- Source data

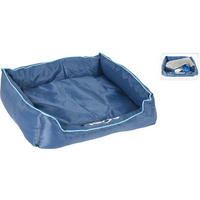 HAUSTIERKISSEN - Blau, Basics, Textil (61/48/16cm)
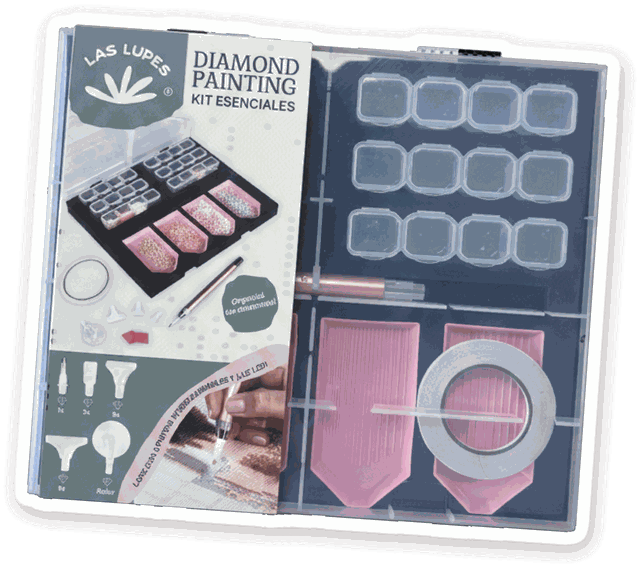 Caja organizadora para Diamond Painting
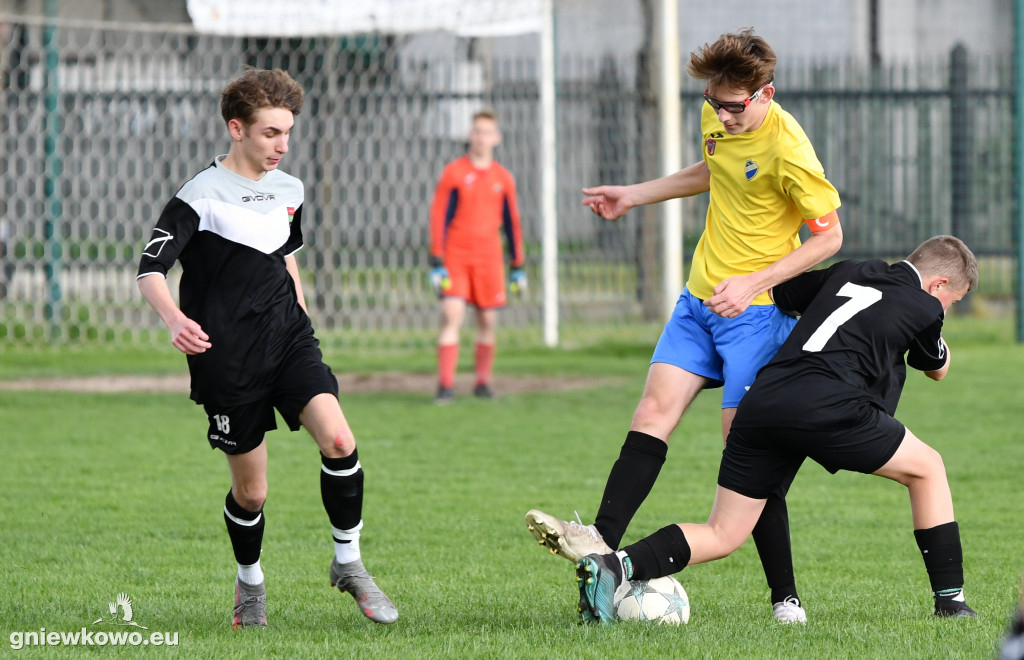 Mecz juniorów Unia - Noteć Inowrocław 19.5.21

- What to produce
Repeat the material above in full and exactly, omitting the pictures.

- Response to the task
 HAUSTIERKISSEN - Blau, Basics, Textil (61/48/16cm)
 Caja organizadora para Diamond Painting
 Mecz juniorów Unia - Noteć Inowrocław 19.5.21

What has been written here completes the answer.